We took several walks up the country roads. Red berries of eglantine, a wild rose, & hawthorn (with long sharp spikes, good for shrikes to impale sparrows) -- red berries bejeweled the hedgerows, which are so much more dense here in France than ever in America. Hawks took flight from oak trees: a buteo & a big falcon.

Far up a hillside, little white dots were sheep. At one point, I saw an isolated farm, a rectangled fenced in with yellow limestone, the cottage of the farmers in one corner, the stable at the other, a gate in the wall: the plan was so familiar, this small fortress in the field, then I realized where I had seen it before: last year in Peru, on the altipiano, ringed by the Andes, not the rounded hills of Burgundy, & built not in limestone but mud brick, but to the same design dictated by the same practical concerns: pastoral & agricultural.
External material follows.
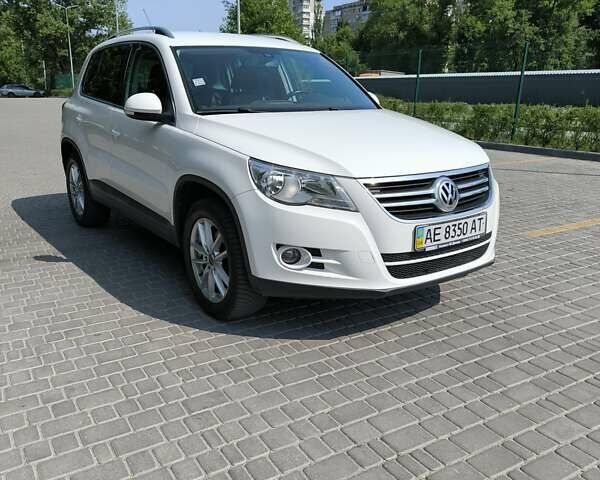 Белый Фольксваген Тигуан, объемом двигателя 2 л и пробегом 150 тыс. км за 10500 $, фото 2 на Automoto.ua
High rubber boots are essential for walking around in Jailly: manure carts are the main traffic & the rain & running water impose mud. Indeed our friends have an old mill as a study, right next to a race, so the sound of the rushing water is always at hand. Ferns sprout from stone fences & walls: lots of maidenhairs, a different variety from ours at home, & little rock ferns (polypodium), very like ours. Moss grows dense, velvety, intense green. This, too, is where we got the seeds for our pink Balfour Impatiens, which I remembered from previous visits & have growing in East Hampton. But the pink flowers no longer flourish in Jailly. Instead, at least in this season, nettles seem to be the main border in town.

Back in Paris, we spent the evening boiling down our grapes to make jelly. We got a liter of juice, put in a kilo of sugar, but the result, I fear, is closer to grape juice than jam: still a grand flavor, better than any Welch's at home!